In 1994, All Saints became one of the UK's first Technology Colleges, as part of a set of policy initiatives that would later be termed as the specialist schools programme.

==Performance==
Results at Bishop Ward were poor, with an atmosphere that the then headteacher, Desmond Smith, described as "depressed and violent". Following the appointment of Smith as the last headteacher of Bishop Ward in 1984, and as the first headteacher of new All Saints in 1989, results steadily improved until - in 2003 - All Saints School was considered "the second most improved school in England". The March 2003 Ofsted report summarised the situation: "The school has many very good features. Strategies adopted by the headteacher and governors have led to overall GCSE results rising faster than the national trend for some years, culminating in well above average results in 2002". However, the inspectors also noted that the school's strategy led to several subjects of the National Curriculum not being taught to all pupils in Years 10 and 11. In addition, National Curriculum music provision remained under resourced.

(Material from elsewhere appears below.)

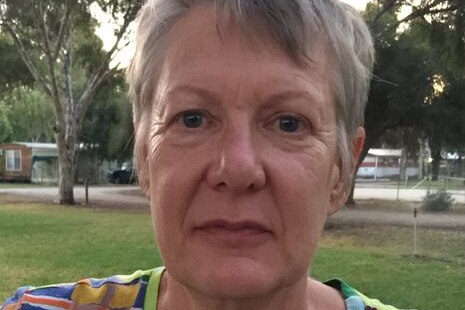 A woman in a caravan park stares unsmiling at the camera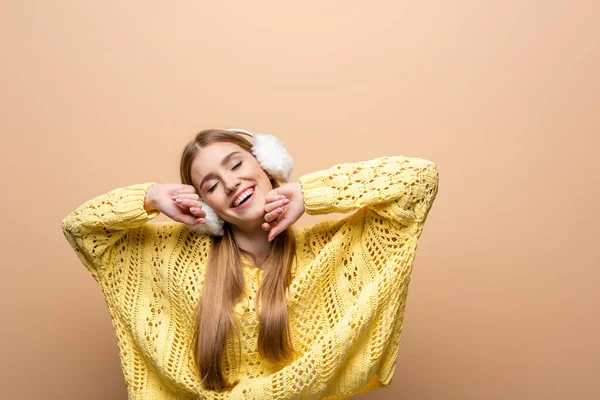 Smiling Dreamy Woman Closed Eyes Yellow Sweater Earmuffs Isolated Beige — Stock Photo, Image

Improvements continued and in the report of 6 June 2007 inspection Ofsted rated the school as Grade 1 ("Outstanding"), stating that "the school provides its students with an outstanding education. Standards are high and students achieve extremely well as a result of excellent teaching. The leaders and managers believe that each child is important and this maxim is at the heart of their decision making. There is a clear
vision and a hunger for improvement building on the school's record of outstanding success." However, the school recognises the need to extend some aspects of its provision for the 14–19 age group including improving the guidance in the sixth form.

==Cash for peerages==
Since January 2006, while headmaster at the school, Smith has been notorious for making the indiscreet remarks that triggered the Cash for Peerages scandal. At the end of the 2005–06 academic school year Smith retired and was replaced by the Deputy Head Teacher Kevin Wilson.